第四章 それもきっとしあわせ(鈴木亜美)


 秋葉原での練習だけではものたりなくて、めぐみたちは丸子橋に行って、河川敷の現場で踊ってみることにした。


 途中のファミレスで食事をして、丸子橋についたのは22時ちかくだった。河川敷の現場は暗くてだれもいないので、三人はいくらでも踊ることができた。めぐみもゆいもれいかも、現役時代からリハーサル室がなければ、人目につかない公園や河川敷、鏡が欲しいときにはビルのショーウィンドーや駅の構内でストリートダンサーたちにまじって、ダンスの稽古をするのはめずらしいことではなかった。


 三人は足もとの土の堅さを確かめながら、それぞれの動きや距離を測りながら、鼻歌をまじえ、リズムにのって、なんどもなんども稽古をくりかえした。そして、セットリストにあわせて二回、通し稽古をした。彼女たちがへとへとになって、稽古を終えたのは午前三時だった。


 その日の本番は、お昼に西新宿のれいかのマンションに集まって、いちど簡単に通し稽古をしてから、新丸子のゆいの部屋に移動して、衣装に着がえ、日没まで待機することにした。


「スーちゃんに連絡してみる?」ゆいが訊いた。

「テキストやスケジュールは変更ごとに、あすかには送ってるから、状況はわかってるはず。やる気になればくるわよ。衣装とか機材とか準備だけはちゃんとしておきましょう」

 れいかはそう言った。


 ケイの車で、ゆいをワンルームマンションまで送り、西新宿のれいかのマンションによって、川口のめぐみのアパートへ帰った。寝て起きて午後12時には、れいかのマンションに行きたい。ふたりは、ぎりぎりの午前11時まで寝ることにした。さっとシャワーをあびて、それぞれ居間とダイニング・キッチンにわかれて布団にはいった。

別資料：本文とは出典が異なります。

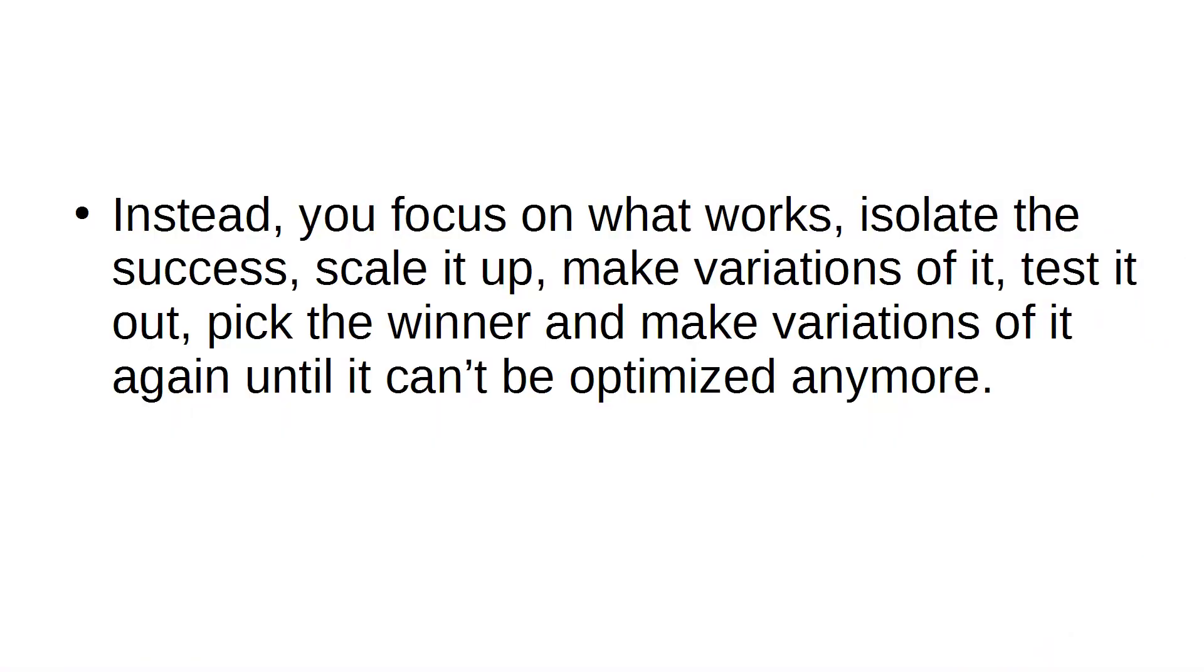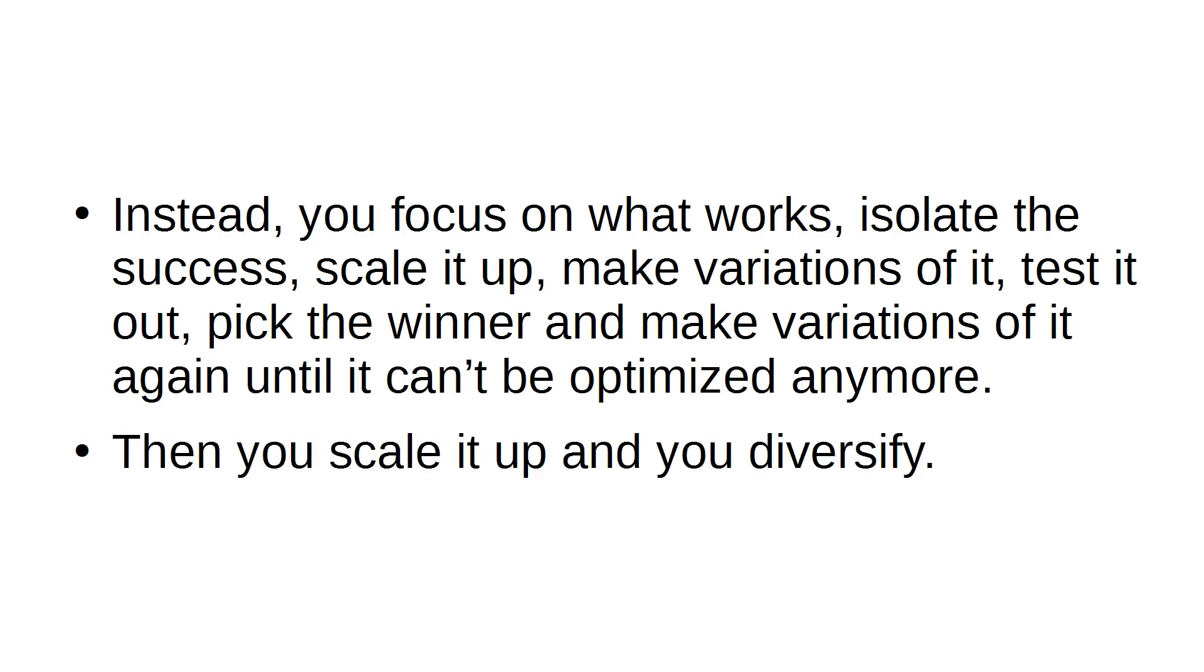Instead, you focus on what works, isolate the success, scale it up, make variations of it, test it out, pick the winner, and make variations of it again until it can't be optimized anymore. Then you scale it up and diversify.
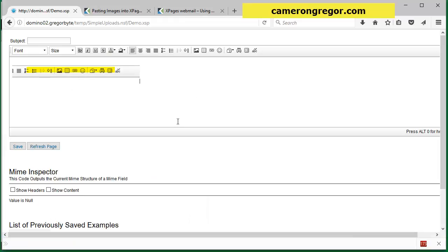So yeah hopefully that shows you the solution. This works in Chrome as well and in Explorer. Any questions, yeah put them on the blog. Okay thanks.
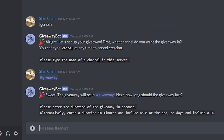Now it's going to ask you for how long you want the giveaway to last. If you type in just plain numbers the bot is going to assume those are seconds. So if you want minutes, hours, or days just type in the initial after the number — so if it's going to be 12 hours, just type in 12H.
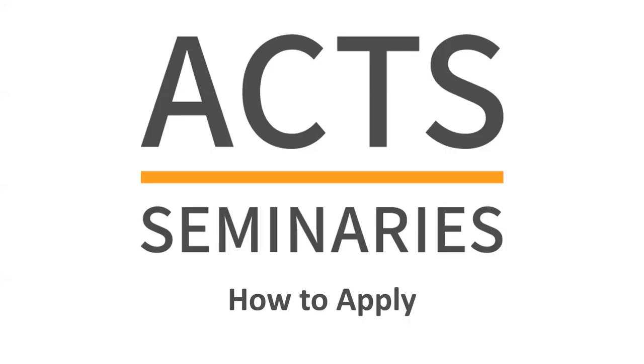I hope you have found this video to be helpful as you begin your journey with ACT Seminaries. Always feel free to reach out to a member of the enrollment team if you have any questions. May you go in peace and in confidence given to you by our Lord and Savior.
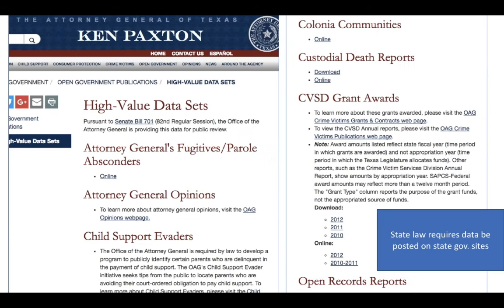At the state level, the same sort of thing exists. Oftentimes in Texas specifically, there is a law that requires governmental offices to have what they call high-value datasets available to the public. It makes more sense for the government to offer this data online so that they don't have to constantly be answering open records requests for numbers that all sorts of people want. So you can look at a number of different state offices and you'll be able to find data there as well.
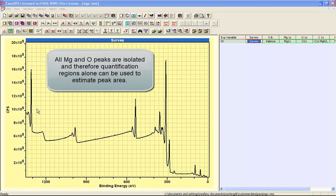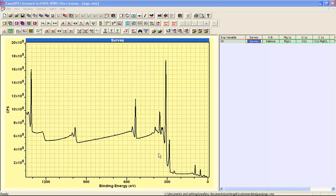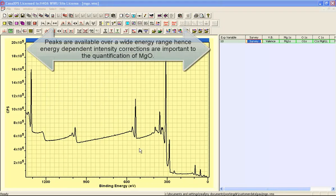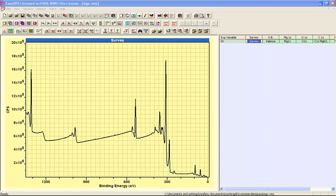What is more, the magnesium peaks are either at very low kinetic energy or very high kinetic energy, and the oxygen peaks sit somewhere in the middle. So any variation in signal intensity as a consequence of change in kinetic energy for the photoemission electrons will be easily observed by any quantification procedures that we apply to these data.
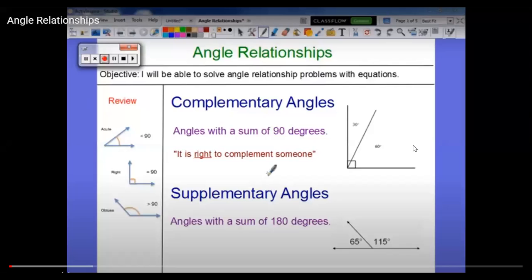Good morning, everyone. Today, inshallah, we are going to study Angle Relationships, which is lesson 1-5 in your Geometry book, Chapter 1. In Angle Relationships, our objective will be: I will be able to solve angle relationship problems.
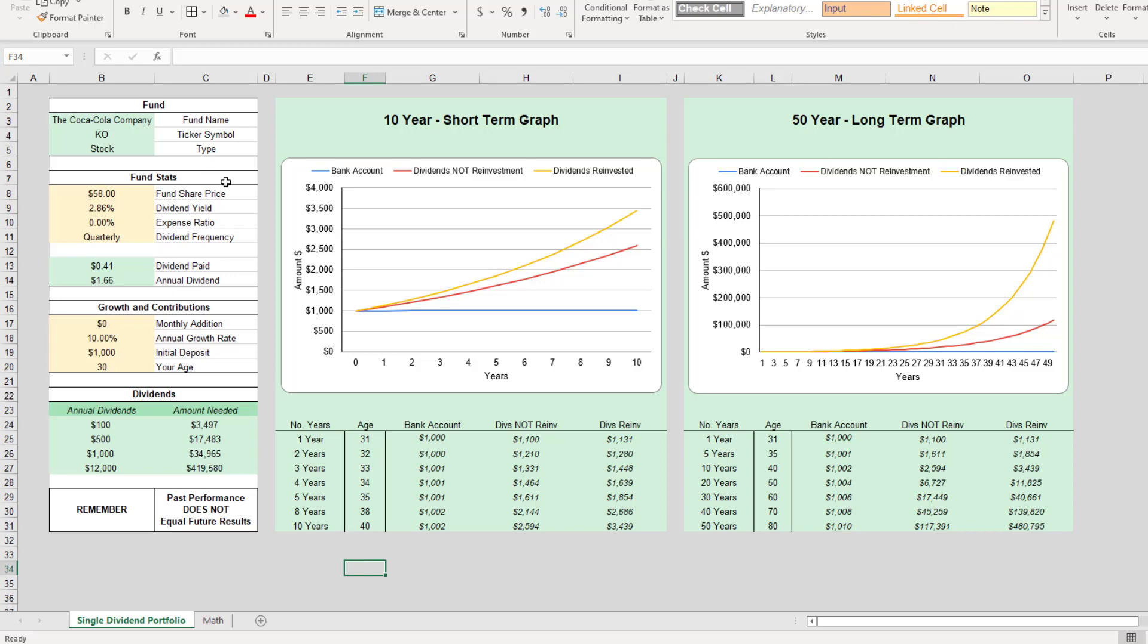Hey guys, it's James, and today I wanted to take a look at the Coca-Cola Company, ticker symbol KO. I wanted to check out this stock and see how much we would need of KO to be able to obtain $1,000 a month in dividends.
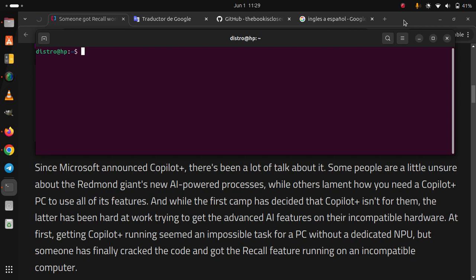And while the first camp has decided that Copilot Plus isn't for them, the latter has been hard at work trying to get the advanced AI features on their incompatible hardware.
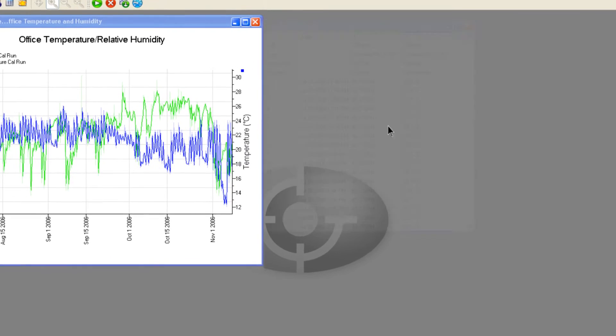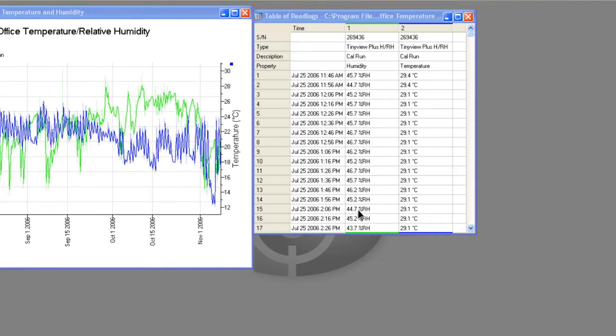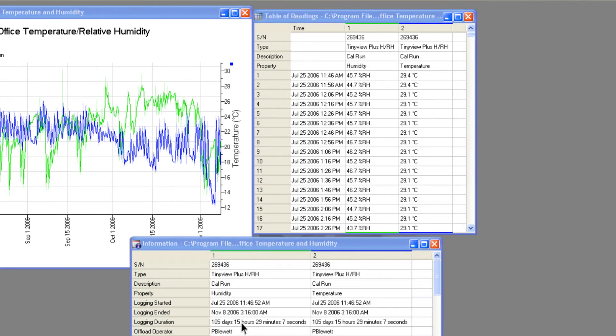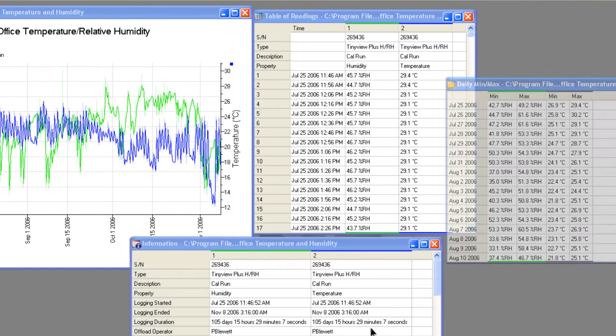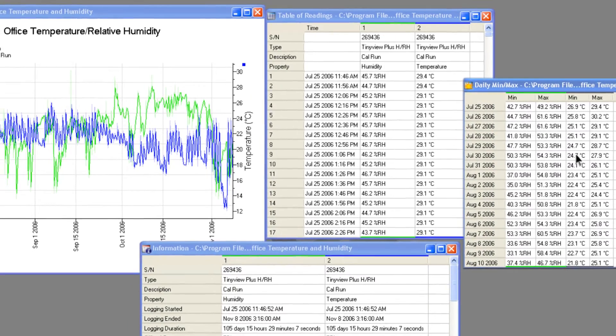Data can also be displayed as a table of readings, as summary information, and as a table of daily minimum and maximum readings.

 ケイの寝るダイニングと居間とをへだてるふすまのむこうから、めぐみの鼻をすする音と乾いた咳がときおり聞こえた。ケイはすこし気になったが、すぐに眠りに落ちた。


 朝起きると、顔を洗って、まっすぐ西新宿にむかった。食事はれいかの家でとることになっていた。れいかの部屋にゆい、めぐみ、ケイとそろったところで、れいかの手づくりのカレーライスを食べた。

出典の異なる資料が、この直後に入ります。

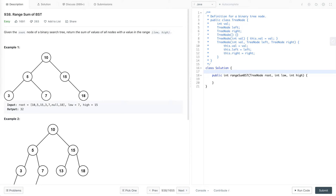Let's discuss today's problem, and today's problem is Range Sum of BST. So in this tutorial, first we will understand the problem statement, then I'll discuss how we can approach this problem, and finally we will write its Java code. So now let's first understand the problem statement.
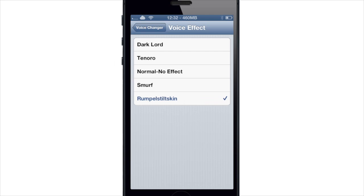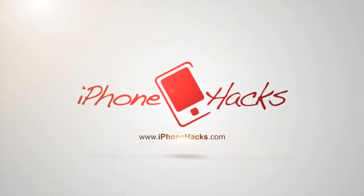Let me know what you guys think about this tweak in the comments below. And if you enjoyed this video, please hit that like button. If you want to see more of my videos, go ahead and subscribe. Alright guys, until next time, this is Cody with iPhoneHacks.com. We'll see you next time.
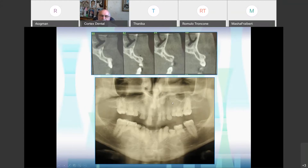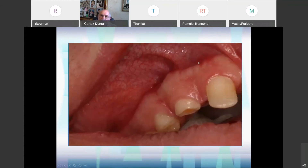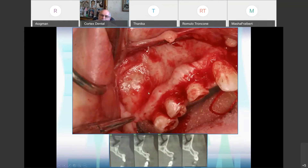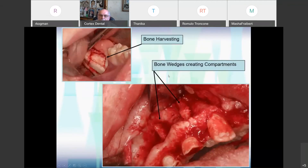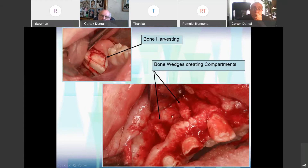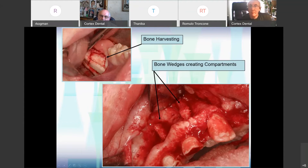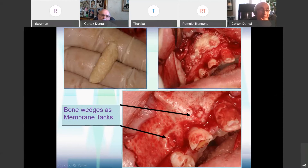He had only five permanent teeth: number 11 and all four first molars. You can see what happened — during growth the crest got a shape of a J. Here is the undercut. We raised the flap — here is the undercut. So what I did, I harvested bone from the retromolar area, made two slots or grooves in between, which went into the bone, creating compartments. I filled the depression with particulate bone.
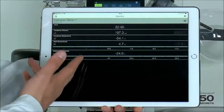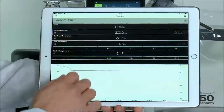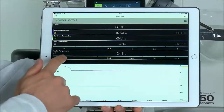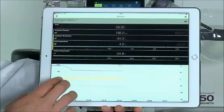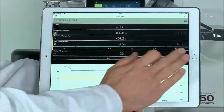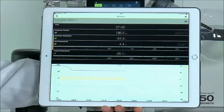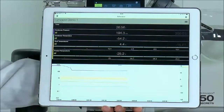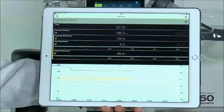Here we see the liovapor data. We see things like the condenser pressure, the temperature, and the shelf temperatures. This chart is quite special — you can see the different shelf temperatures displayed inside this band, so it's very easy to see what is actually happening. The last parameter is the product temperature. That is the view for the liovapor.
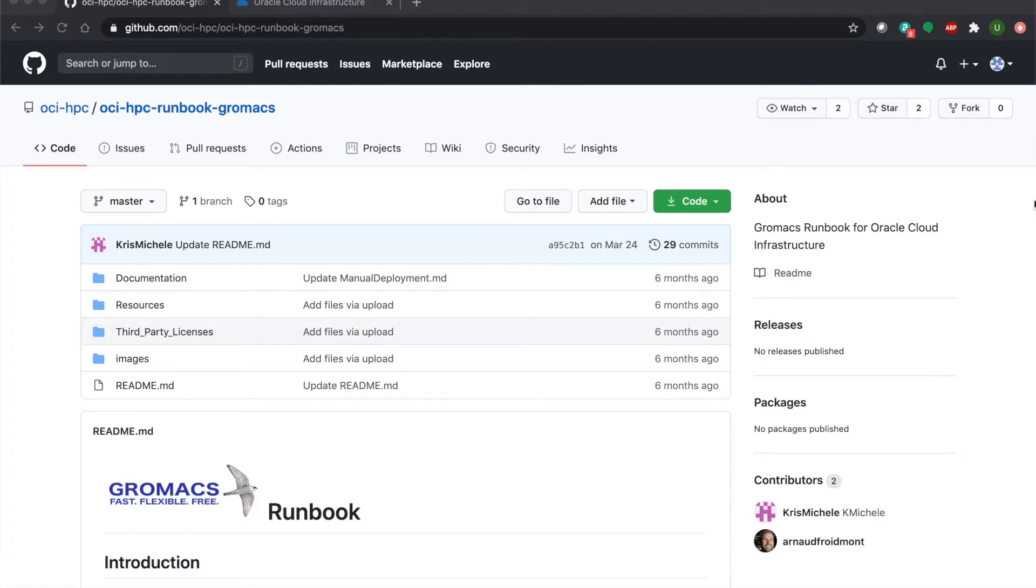Hi everyone! My name is Gloria and I'm a cloud engineer at Oracle. In this demo, we'll be showing you how to deploy a GPU machine on Oracle Cloud Infrastructure, install GroMax, and run a benchmark using GroMax software.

「イチローは試合がある日は毎朝、カレーライスを食べてたそうですね」とケイが言うと、

「あ、それ、もう食べてないんだって」とゆいが言った。「いまは食パンとソーメンだって」

「え、それ、両方いちどに食べるんですか?」

「そうみたい」

「炭水化物、炭水化物じゃないですか」

「関西のひとは、お好み焼きや焼きそばをおかずに、白いごはんを食べるんでしょう」れいかが言った。

「ああ、それ聞いたことあります」ケイが言った。

「ラーメンライスだってそうじゃない」ゆいが言った。「家系ラーメンのスープにごはんを入れるとおいしいよ」

「そうですか、こんどやってみます」


 めぐみは朝からあまり口をきかない、ときどき鼻をすすったり、ティッシュを鼻にあてたりしている。


「ミーちゃん、だいじょうぶ?」ゆいが訊いた。

「うん、へーき」めぐみは言った。

「かぜ? 熱は?」れいかが訊いた。

「へーき。じぶんでわかってるから、きょう一日はもつ」

「ムリしないほうがいいわよ」

「熱はたいしたことないし、からだは動くし、声もでる。だいたい、熱からはじまって、つぎの日にのどがやられるのが、わたしのパターンだから」

「きつかったら、いつでも言ってね。ムリしちゃダメだよ」ゆいが言った。

「うん、ありがと」めぐみが言った。


 食事のあと、お腹がおちつくまで打ち合わせをした。そしてストレッチからはじめ、セットリスをにあわせてフォーメーションとダンスの確認をする。


 リビングには壁際のソファーセットのほかにモノはないので、三人が動くことはできるが、さすがに正式な距離をとるだけの広さはない。三人は歌を口ずさみながら、それぞれの歌の担当と動きを確かめる。きのうなんども練習したので、じゅうぶん頭には入っている。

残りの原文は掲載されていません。